Un rapport récent d’Amnesty International tire la sonnette d’alarme sur l’utilisation d’algorithmes pour détecter les fraudes aux aides sociales au Danemark. Selon l’ONG, ce système de surveillance de masse risquerait de cibler et discriminer les personnes les plus fragiles qu’il est pourtant censé protéger. Une dérive inquiétante qui soulève de nombreuses questions éthiques sur l’usage de l’intelligence artificielle dans le domaine social.
Des algorithmes nourris de données personnelles sensibles
Pour mener son enquête, Amnesty International a pu analyser en détail quatre des 60 algorithmes utilisés depuis plus de 10 ans par l’agence gouvernementale danoise Udbetalning Danmark, chargée du versement des prestations sociales. Ces algorithmes sont générés à partir d’une multitude de données personnelles issues des bases de données publiques danoises, comme l’autorise la législation du pays.

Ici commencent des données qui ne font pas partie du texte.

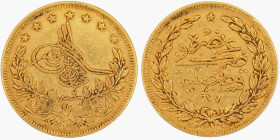 TURKEY / OTTOMAN EMPIRE - 100 Kuruş or - Abdul Aziz - 1277 (1862) ٢ - TTB
Gold 917 ‰ - 7,23 g
Ref. KM# 696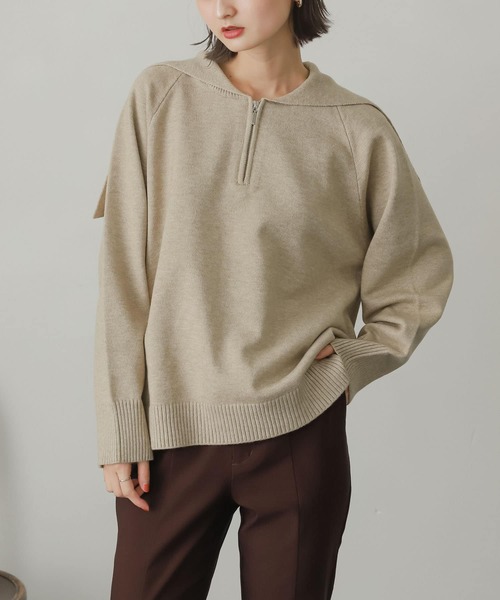 SENSE OF PLACE by URBAN RESEARCH（センスオブプレイスバイアーバンリサーチ）の「セーラーカラーハーフジップセーター（ニット/セーター・レディース・ブラック/ライトベージュ/グリーン・ONE）」の3枚目の写真
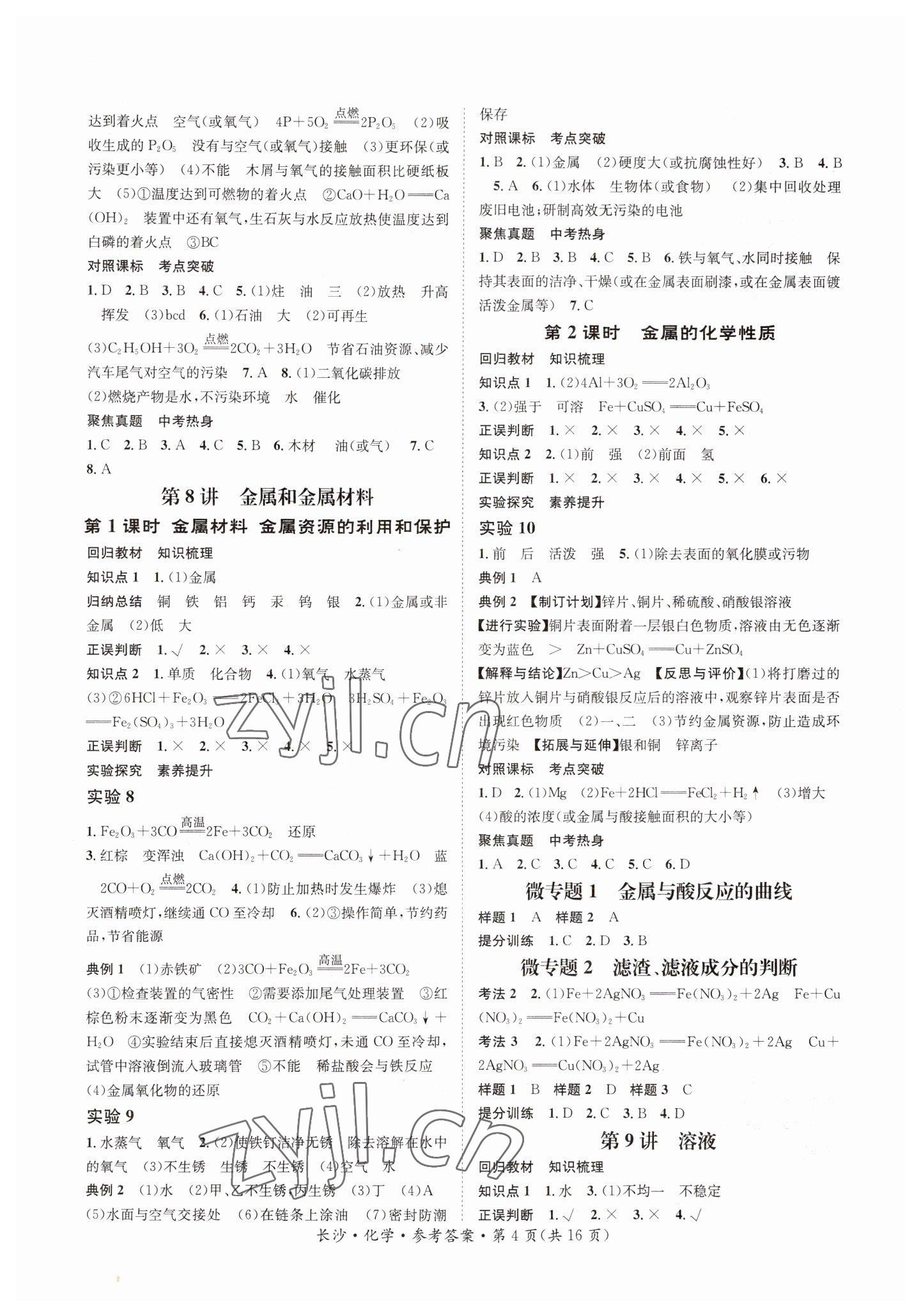 2023年星城中考化學(xué)長(zhǎng)沙專版 第4頁(yè)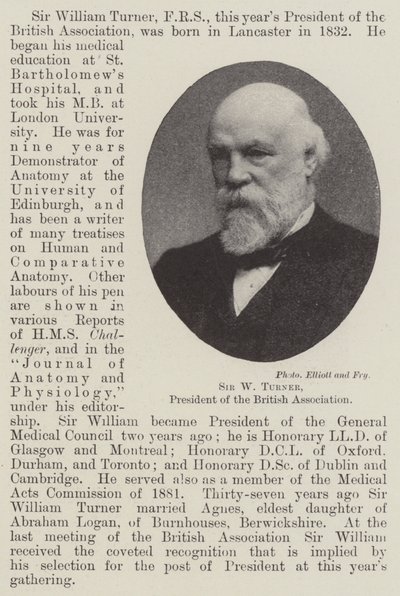 Sir W Turner, presidente da Associação Britânica de English Photographer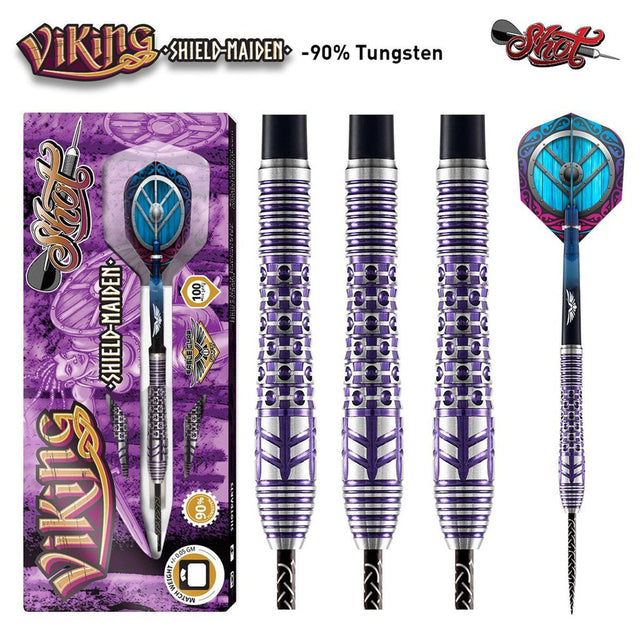 Viking Shield Maiden Steel Tip Darts main product image showing the darts, packaging, flights, shafts, and included accessories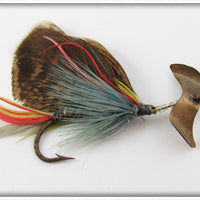 Vintage J.T. Buel Brown & Blue Spinning Fly Lure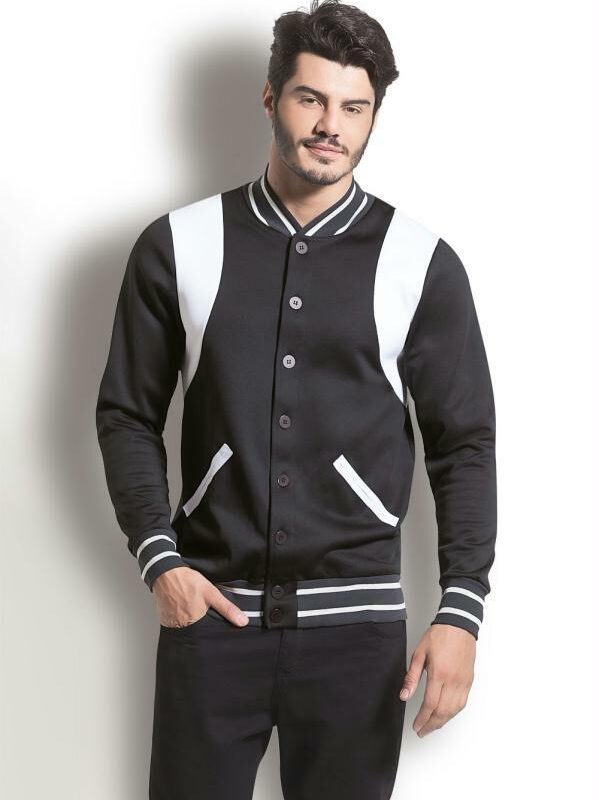 Casaco Preto e Branco Masculino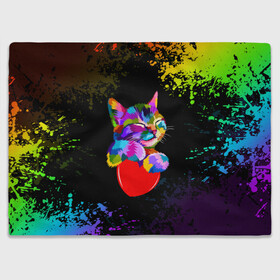 Плед 3D с принтом РАДУЖНЫЙ КОТИК / RAINBOW KITTY в Тюмени, 100% полиэстер | закругленные углы, все края обработаны. Ткань не мнется и не растягивается | heart | kitty | like | low poly | rainbow | животные | звери | котик | лайк | радуга | радужный котик | сердечко | цветные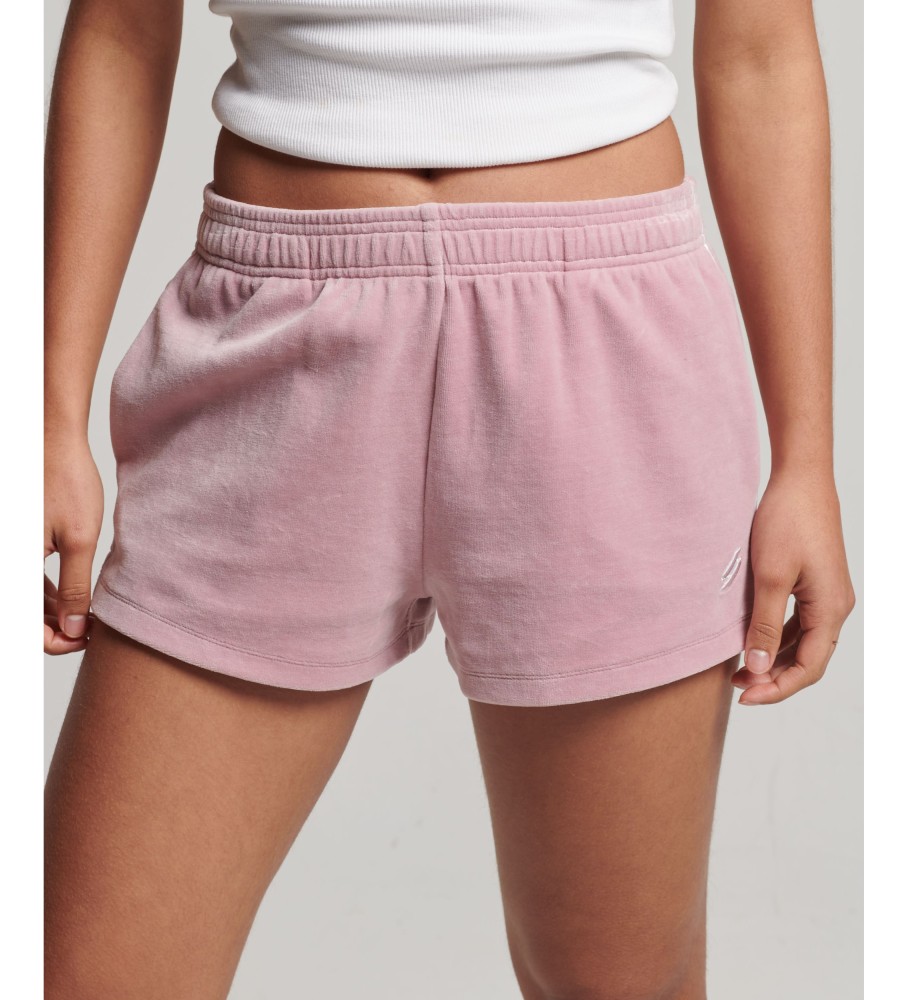 Shorts de veludo rosa com logo S da Superdry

Parmi ces informations figurent le lieu de résidence, les déplacements, la citoyenneté, le lieu de naissance, les relations familiales ou encore les revenus des bénéficiaires d’aides. Autant de données sensibles qui, selon Amnesty, pourraient également servir d’indicateurs sur la race, l’origine ethnique ou l’orientation sexuelle des personnes.
Le “modèle étranger”, un algorithme fondé sur la nationalité
L’un des algorithmes épinglés, baptisé le “modèle étranger”, se base notamment sur la nationalité des allocataires pour déterminer s’ils ont déménagé à l’étranger sans le signaler, tout en continuant de percevoir des aides. Une pratique qui “viole directement le droit à la non-discrimination” d’après David Nolan, co-auteur du rapport, puisqu’elle utilise le critère de citoyenneté.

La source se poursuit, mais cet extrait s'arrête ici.